Blockchain is Key in Libra’s Development
Libra Association Vice Chair, Dante Disparte, now says blockchain tech remains the fundamental of its prospective stablecoins. Speaking in an interview with central banking on April 28, the Libra VC emphasized that a distributed ledger network has always been at the core development, saying:
“We remain very committed to blockchain architecture as a distributed ledger technology for this project. Without it, the project doesn't achieve many of the efficiencies: the low-cost structure and interoperability that it's being designed to achieve.”
Notably, Dante further highlighted that Libra’s real breakthrough would be the creation of value through protocol transfers. This, therefore, means that the project’s cutting edge is facilitating the communication of different networks through blockchain tech. According to Disparte, prioritizing blockchain integration will consequently solve the current ecosystem challenges such as being locked out by a digital wallet provider.

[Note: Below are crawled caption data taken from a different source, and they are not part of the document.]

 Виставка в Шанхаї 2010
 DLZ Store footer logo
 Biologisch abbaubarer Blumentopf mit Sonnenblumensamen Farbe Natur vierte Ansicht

Libra’s New Emergency Protocol Belongs to the 19th Century
Meanwhile, the new whitepaper was criticized by a former IMF policy advisor & American economist, Barry Eichengreen, and Warwick Business school assistant prof, Ganesh Viswanath. who cited that the proposed emergency protocols are like those used back in the 19th Century. According to the publication, Libra’s lack of clarity on the Fed’s intervention as a lender of last resort while empowering network operators to issue ‘redemption stays’ is outdated,
“Financial historians will recognize these devices for what they are. They resemble the clearinghouse certificates issued by bank groups in the U.S. in the 19th century in response to bank runs and financial crises,”

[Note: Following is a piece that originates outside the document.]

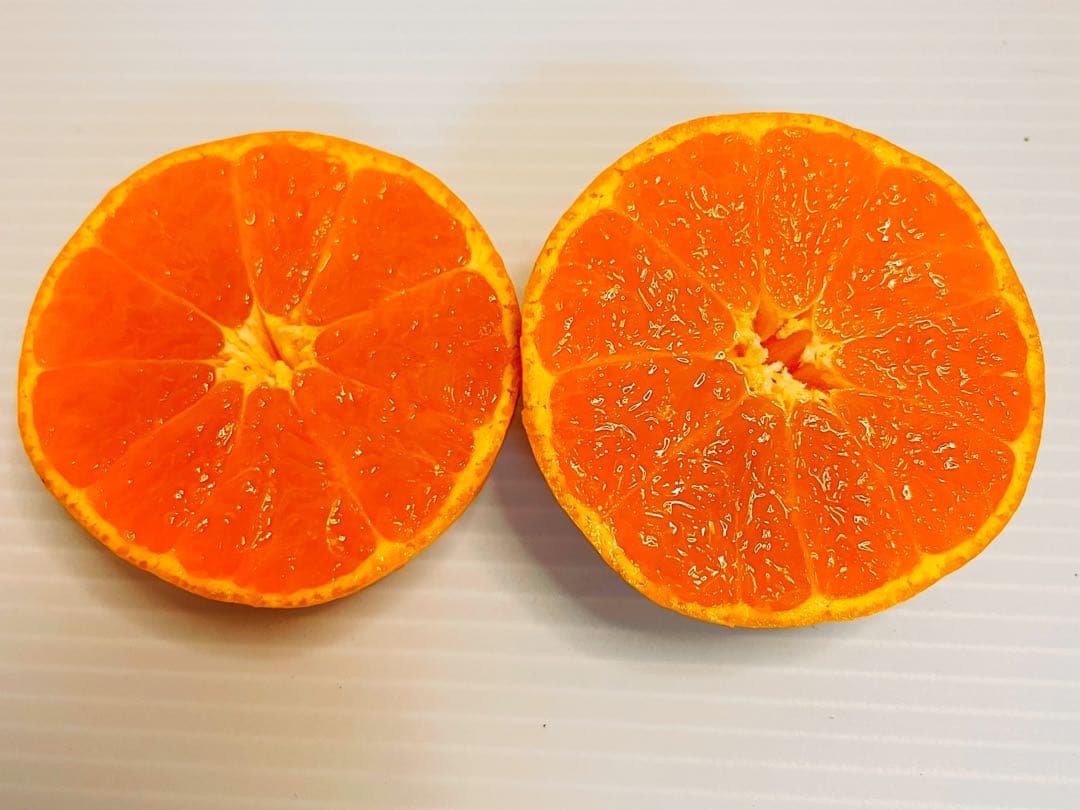 専用出品　ねこ✧プロフ必読様　2箱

In the new proposal, Libra shifted away from a basket of fiat currencies towards single currency backed stablecoins. Eichengreen, however, says this is likely to create more problems if for instance the LibraUSD is adopted in a certain jurisdiction to a level where its central bank’s monetary policy is no longer effective,
“If residents of another country shift into LibraUSD, that country’s central bank will lose the ability to earn seigniorage. It will lose control of monetary conditions. It will lose the ability to backstop local financial markets.”